Die Augen sind geschlossen. Das Wasser des Riedbachs plätschert, leise schlägt es gegen die alte Steinmauer. Fast, mag der Zuhörer meinen, hört er das alte Mühlrad klappern. Streckt er sich, sieht er die Hartmühle bei Mechenried über die Mauerkrone hervorspitzen.
Zweifelsohne – es ist ein idyllischer Flecken. „Als ich die Bilder von der zum Verkauf stehenden Mühle und dem Grundstück im Internet gesehen habe, hat sie mir gleich gefallen.“ Doch dann hatte Kerstin Reißmann erst einmal Pech: Ihr Anruf beim Besitzer ergab, dass die Immobilie bereits einen Käufer gefunden hat. Das war im Februar 2007. Wenige Monate später, im August, meldete sich der Besitzer nochmals. Der Interessent war abgesprungen. Kerstin Reißmann konnte zuschlagen, am Tag ihres Geburtstags.
Die Banken von ihrem Vorhaben zu überzeugen und die notwendigen Kredite locker zu machen war schwierig, sagt die 44-jährige Kauffrau. Doch es ging um die Verwirklichung eines Traums: Zusammen mit ihrer Partnerin, der Pferdewirtin und Pferdetrainerin Nicole Petasch (29), wollte sie einen Reitstall eröffnen, speziell für Islandpferde. Mit Pferdepension und Reitunterricht. Seit September 2010 steht der Stall, der Islandpferdehof Hartmühle ist Realität geworden.
Der alte Mühlengrund ist hierfür optimal. Auf sechseinhalb Hektar erstreckt sich das Grundstück, eingerahmt vom Riedbach und dem davon abgezweigten Mühlbach. Genug Platz für Koppeln, selbst für kleine Ausritte reicht die Fläche. Der Pferdehof wirkt natürlich, nicht wie nach einem Musterkatalog gestylt. Dennoch haben die neuen Besitzerinnen das Mühlenareal verändert. Es sind Paddock-Ställe für 30 Pferde entstanden, die sich ins Ensemble der alten Gebäude einfügen.

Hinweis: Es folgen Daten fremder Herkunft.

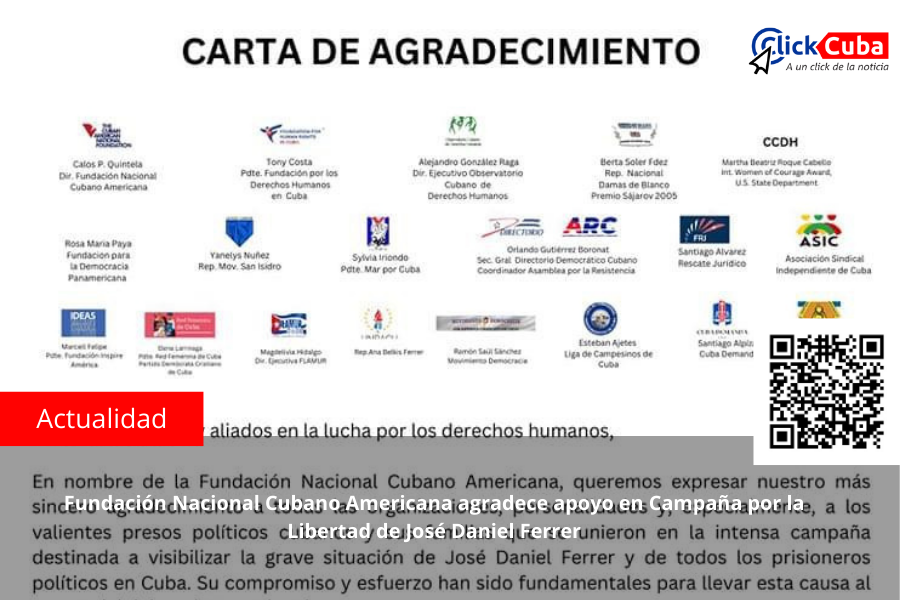 Fundación Nacional Cubano Americana agradece apoyo en Campaña por la Libertad de José Daniel Ferrer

In welche Zeit die alte Mühle zurückreicht, ist nicht mehr exakt rekonstruierbar. In der Ortschronik ist im Zusammenhang mit der „Hardtmühle“ – so die alte Schreibweise – lediglich die Jahreszahl 1830 vermerkt, als die Mühle nach Mechenried eingemeindet wurde. Mühlen galten vorher als politisch unabhängige Einheiten. Müller waren quasi ihre eigenen Bürgermeister. Die nächste Datierung ist das Jahr 1908. Damals ist das Mühlengebäude nach einem Brand wiedererrichtet worden. Die Jahreszahl prangt heute noch auf dem Türstock der alten Haustür.

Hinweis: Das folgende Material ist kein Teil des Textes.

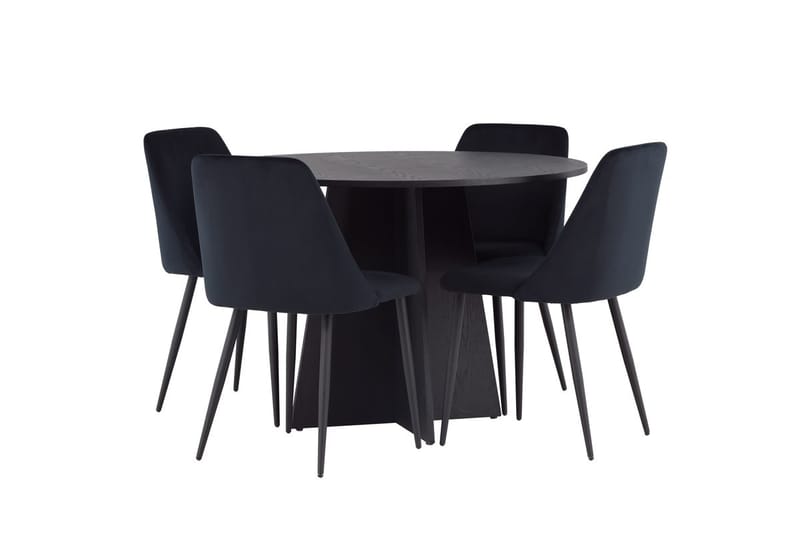 Bootcut Matbord 110 cm Runt med 4 Night Matstol - Möbler - Matplats - Matgrupp & matbord med stolar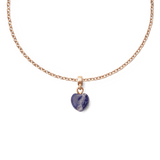 Blue Spot Heart Rose Gold Charm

Wer vor dem Haus steht, dem fällt mit Blick auf das braune Fachwerk nicht sofort auf, dass dieses nur noch aufgemalt ist auf die Backsteinwand. „Das alte Fachwerk existiert noch komplett, ist jedoch nur innen sichtbar. Außen musste es abgedeckt werden, da es sonst nicht mehr zu erhalten gewesen wäre“, begründet Kerstin Reißmann diese Entscheidung im Zuge der Renovierung. Dennoch wurde das Alte nicht komplett zerstört. Die neue Außenmauer ist der bestehenden Hauswand vorgeblendet. So wurde das alte Fachwerk mit dem Bruchstein-Gefache so weit möglich erhalten. Es ist in weiten Teilen der Wohnräume, die 400 Quadratmeter einnehmen, sichtbar – ein Blickfang.
Anfang der 1980er Jahre wurde in der Mühle das letzte Mehl gemahlen; die Konkurrenz durch moderne Mühlen war zu groß geworden. Der Mühlblock nahm damals einen Großteil des Hauses ein. Die vorhandene Wohnung war im Vergleich dazu klein. Im Zuge des Umbaus wurde das Haus entkernt. Die Bauteile des Mühlwerks wurden entfernt bis auf einen hölzernen Mehltrichter, der nun das Wohnzimmer schmückt.
Ein Relikt steht im Erdgeschoss der Mühle. Während das alte Mühlrad längst verschwunden ist, produziert dort eine Turbine aus dem Kriegsjahr 1942 3,5 Kilowattstunden Strom, genug, um Haus und Pferdehof zu versorgen. Angetrieben wird sie vom Wasser aus dem Mühlbach, das über ein Gefälle von 8,32 Metern auf die Schaufelräder der Turbine stürzt. „Wenn der Bach Hochwasser führt, dann vibriert das ganze Haus“, sagt Kerstin Reißmann. Zusammen mit einem Kachelofen mit Warmwasseraufbereitung und einer Solaranlage für Warmwasser ist die Hartmühle in Sachen Energieversorgung fast autark. Die alte Mühle ist für die Zukunft gerüstet.